- **Exercise**:
Repeat the data exactly. Pictures stay out.

- **Dataset excerpt**:
***
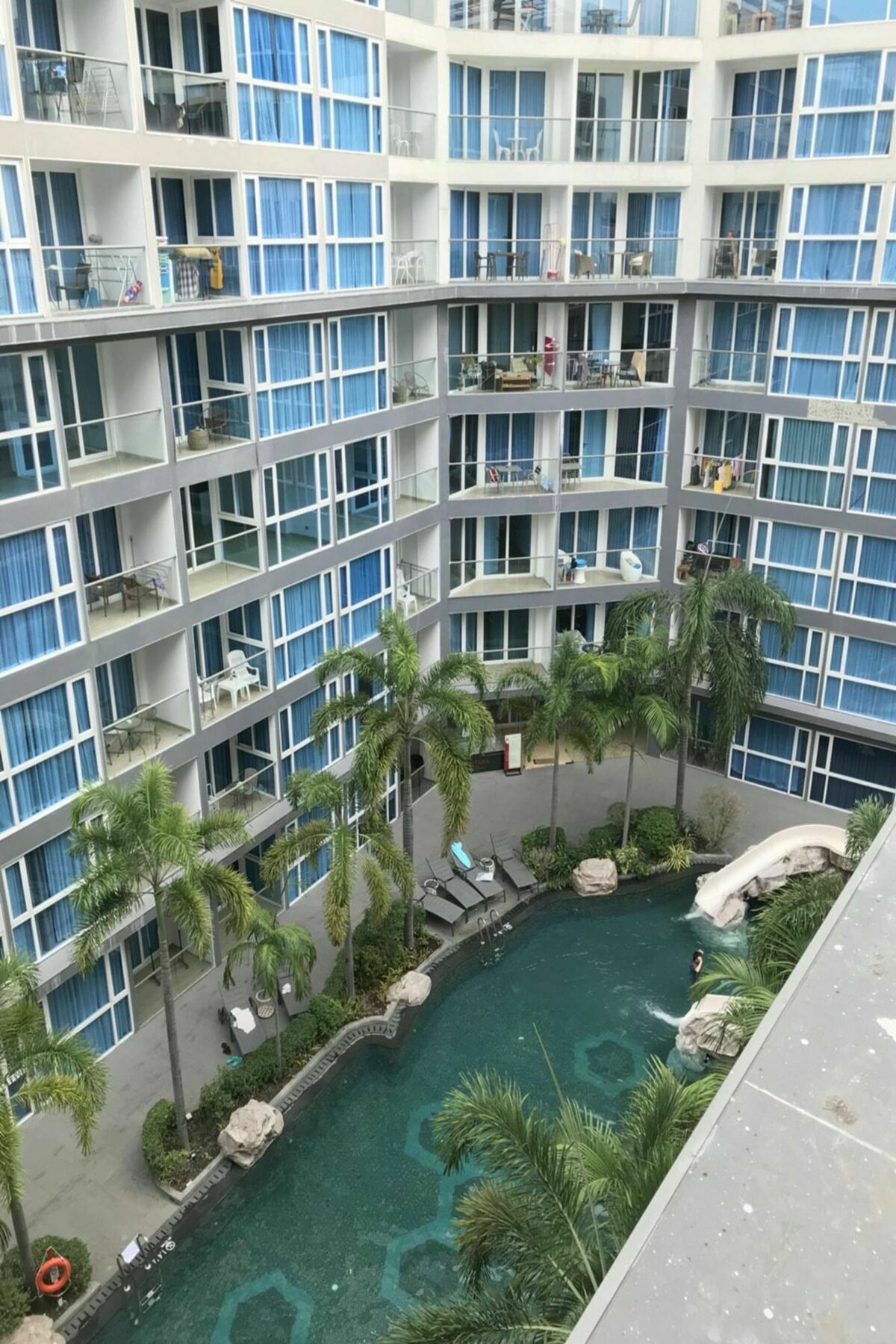 Uplus Avenue Residence Pattaya Exterior photo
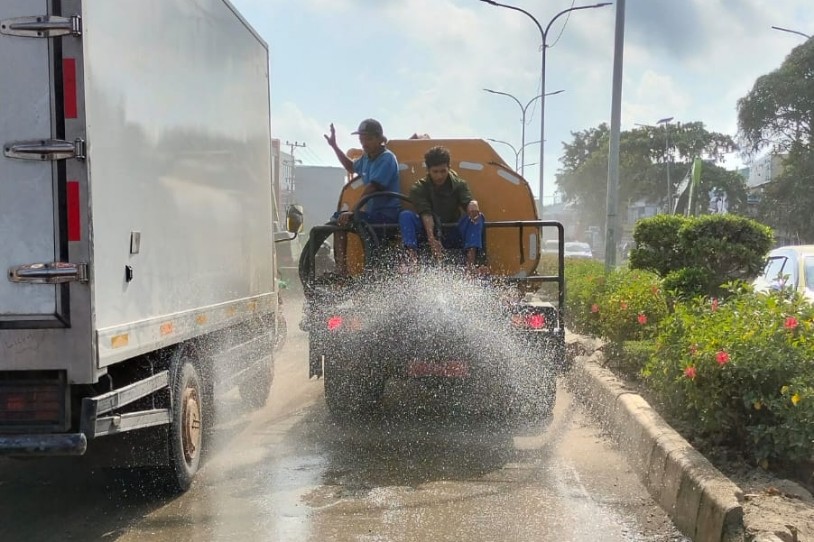 Antisipasi Debu di Jalan MT Haryono, DPU Rutin Siram Jalan Dua Kali Sehari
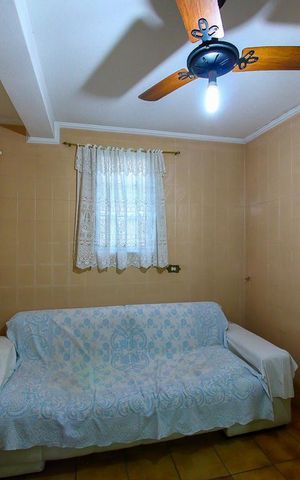 Casa para alugar com 248m², 6 quartos e 6 vagas Casa para alugar com 248m², 6 quartos e 6 vagasSala de Estar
***
- **Reply**:
 Uplus Avenue Residence Pattaya Exterior photo
 Antisipasi Debu di Jalan MT Haryono, DPU Rutin Siram Jalan Dua Kali Sehari
 Casa para alugar com 248m², 6 quartos e 6 vagas Casa para alugar com 248m², 6 quartos e 6 vagasSala de Estar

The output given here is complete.